Another bad poll result for the Indigenous Voice, but the government otherwise is seemingly maintaining its ascendancy.
The Age/Herald has a Resolve Strategic poll which finds no sign in the ongoing weakening of support for an Indigenous Voice, to the extent of being the first significant poll to find no in front, albeit by a 51-49 margin that places the difference inside the margin of error. This followed a question in which respondents were told of the referendum question wording and the fact of voting being compulsory. Minus the latter prompt, 42% were in favour, 40% opposed and 18% undecided.
State breakdowns suggest the proposal is also falling short on the other leg of the dual majority requirement, with majorities in favour in only three states: by 53-47 in New South Wales, 56-44 in Victoria and 57-43 from a tiny sample in Tasmania, with no leading 56-44 in Queensland, 51-49 in Western Australia and 52-48 in South Australia. The national results are from the pollster’s latest national survey, which reached 1606 respondents and was presumably conducted from Wednesday to Sunday, while the state results pad out the sample with findings from last month’s poll, which had yes leading 53-47. Voting intention numbers will presumably follow at some point in the next day or two.
In an emerging pattern, it’s a very different story from Essential Research, which according to a report in The Guardian finds 60-40 in favour on its forced response Indigenous Voice question, effectively unchanged on its 59-41 result a month ago. A separate report in The Guardian tells us Essential’s fortnightly poll also included a regular suite of questions on best party to handle various issues, which found Labor favoured to handle issues including cost of living, interest rates and government debt, together with its more traditional strengths of health and welfare, climate change and security of work.
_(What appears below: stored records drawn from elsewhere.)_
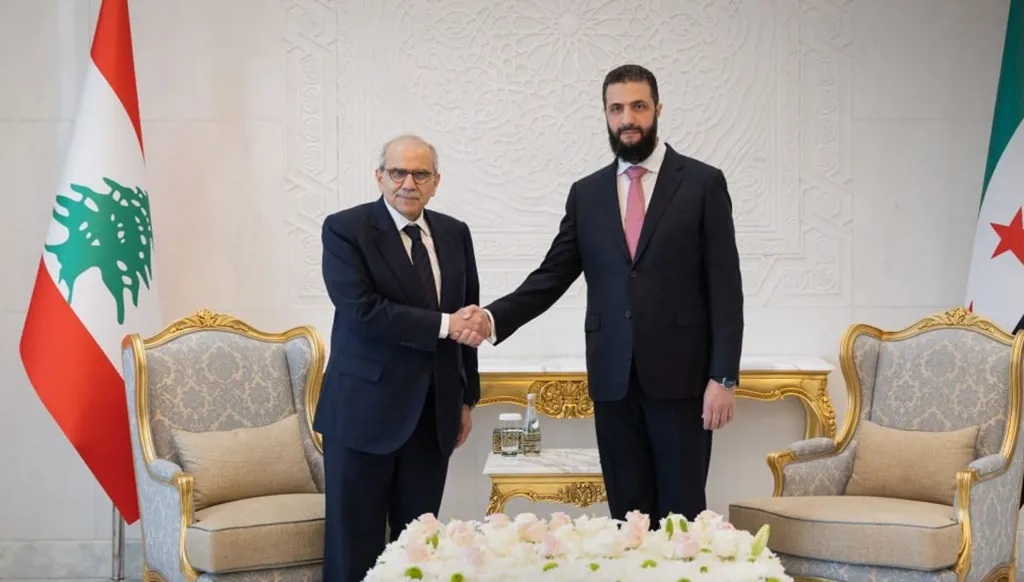 نواف سلام ملتقياً أحمد الشرع. (سانا)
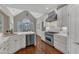 Bright kitchen with stainless steel appliances, white cabinets, and a gas range at 7800 Twin Pines Way, Fuquay Varina, NC 27526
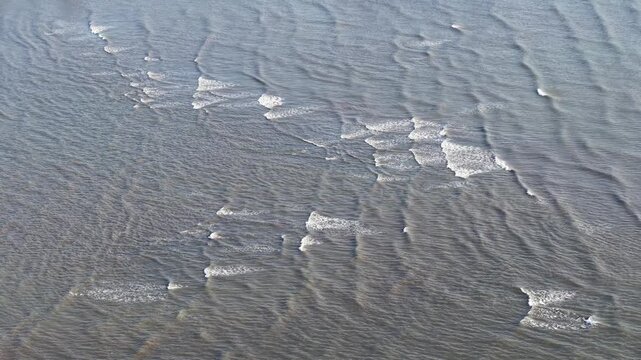 High aerial drone shot of gentle waves and foam patterns over Probolinggo coastal waters.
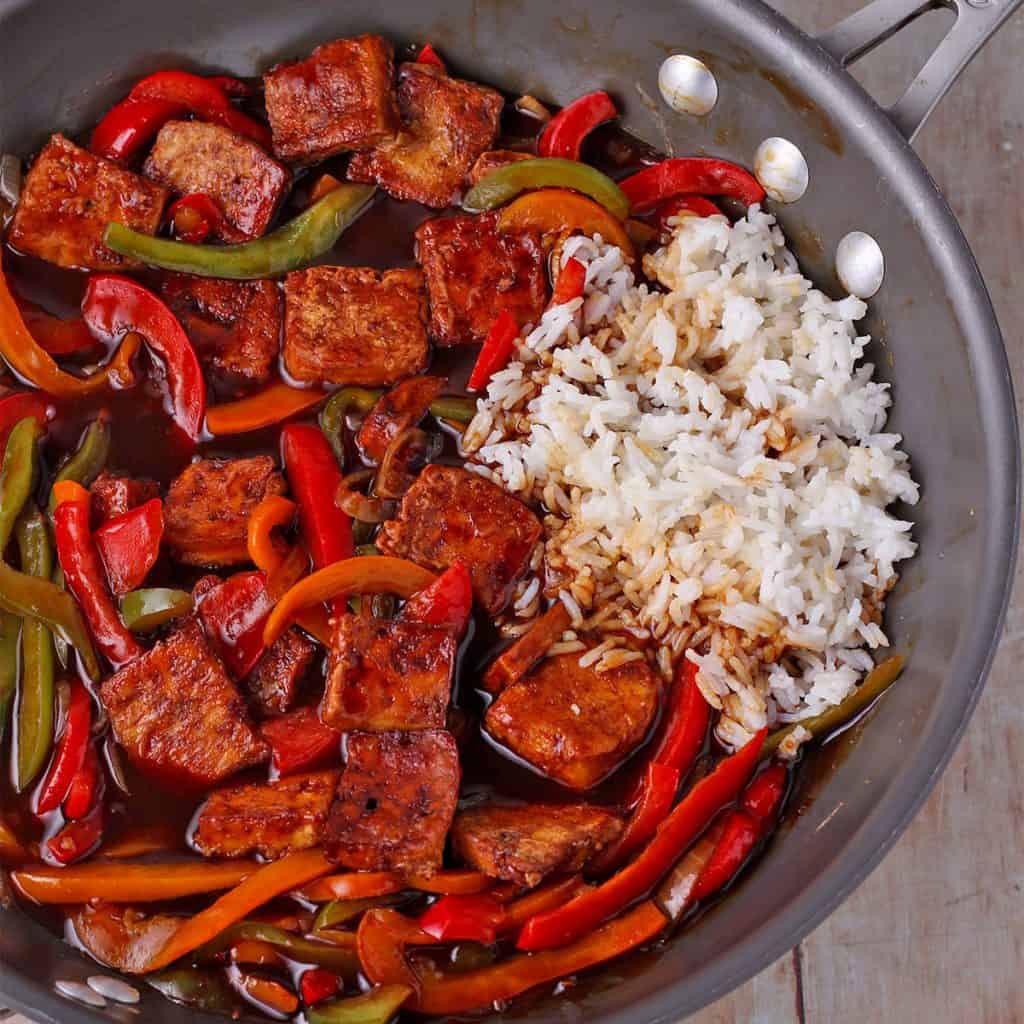 sweet and sour tofu with sliced peppers and scoop of white rice in wok.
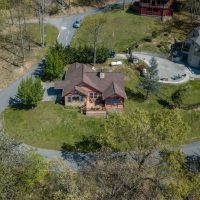 Aerial view of Sunny View Cabin surrounded by trees in Sevierville TN near Great Smoky Mountains National Park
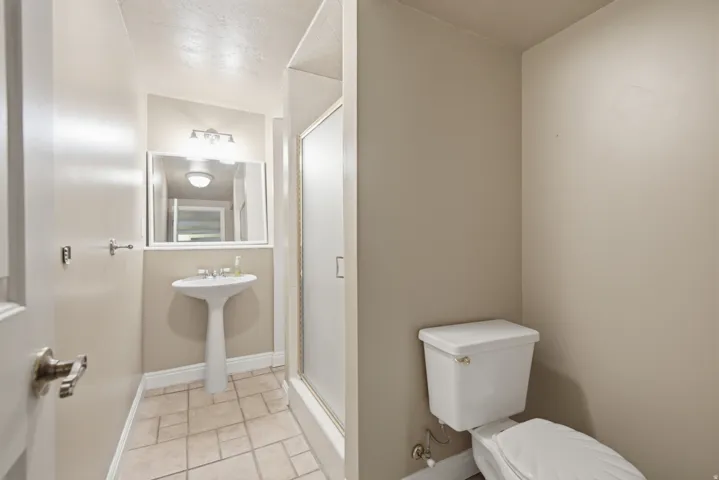 Pedestal sink with a vanity mirror, tile flooring, and a shower enclosure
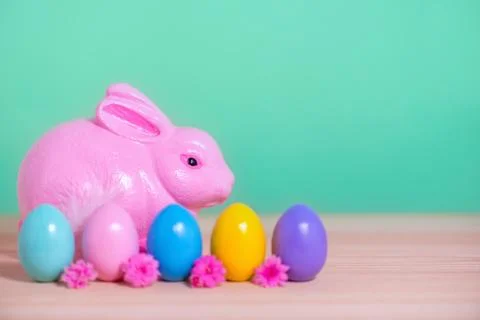Pink rabbit, row multi colored painted Easter eggs and flowers over green bac Stock Photos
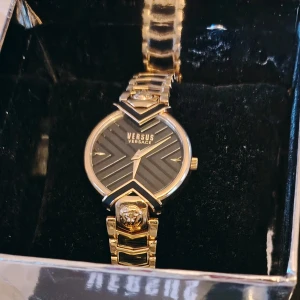 Versace guldig klocka med svart urtavla - Snygg klocka från Versus Versace för 2200kr med guldig länk och svart urtavla med randigt mönster. Klockan har unika detaljer som lejonhuvud på länken och geometriska former runt urtavlan. Perfekt accessoar för dig som gillar lyxig och modern stil.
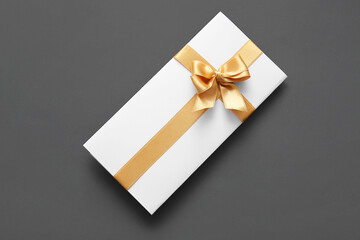 Paper card with bow made of golden ribbons on grey background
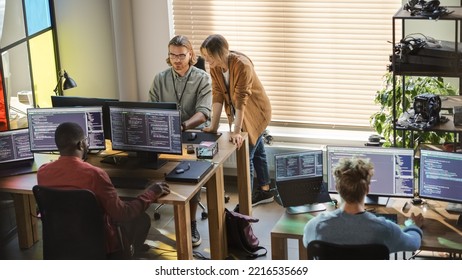 Creative Office: Diverse Colleagues Coding on Desktop Computers With Multiple Monitors. Female Project Manager Talks to Male Team Lead While Junior Developers Working on Mobile Application. - Shutterstock ID 2216535669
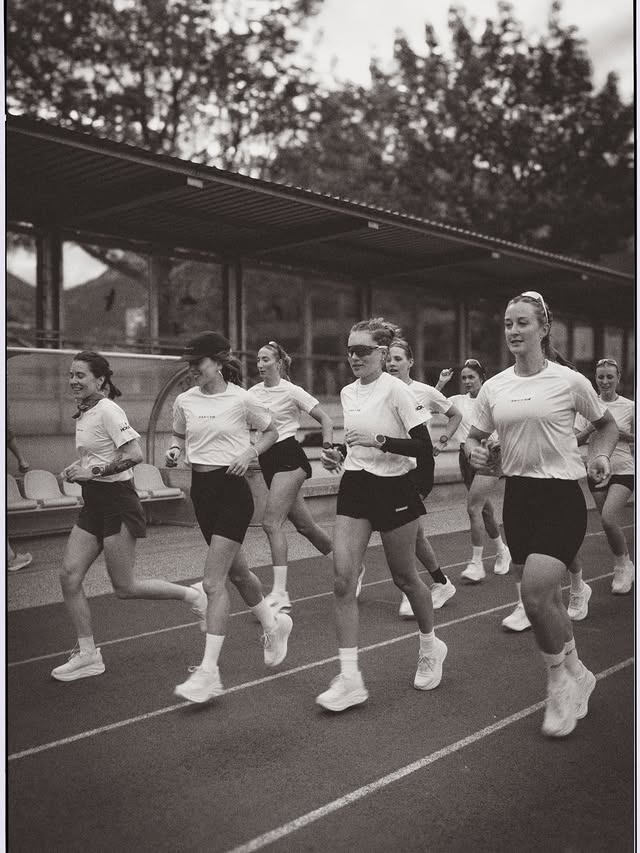 Instagram post by @katharinaannamaria for HOKA. Caption reads: [...] run club, track-n-trail together w/ @hoka_eu....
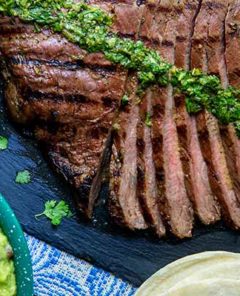 Carne Asada sliced into strips with chimichurri on top on a slate serving tray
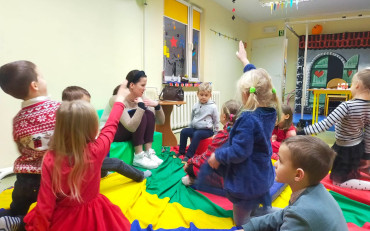 Dzieci podczas zajęć siedzą w kole na kolorowej chuście i rozmawiają z bibliotekarką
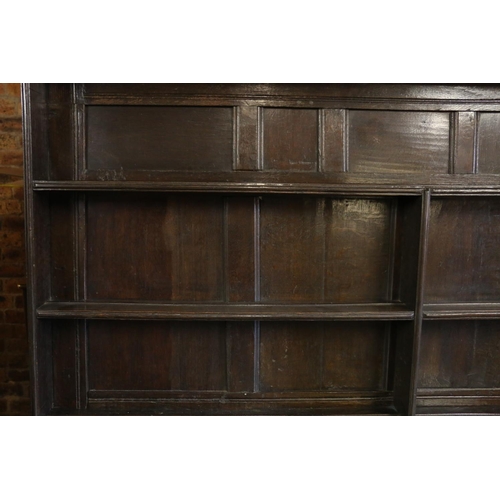 646 - 18th century dresser, the panelled plate rack over base with three drawers, shaped apron, raised on ...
Respondents were asked how much or how little they felt various factors were to blame for rising interest rates, but the results are hard to interpret without seeing the question wording and response structure. For this we must await the release of the full report later today – together with voting intention numbers, on which The Guardian’s report is silent, though they are presumably favourable to Labor given the “best party to handle” responses.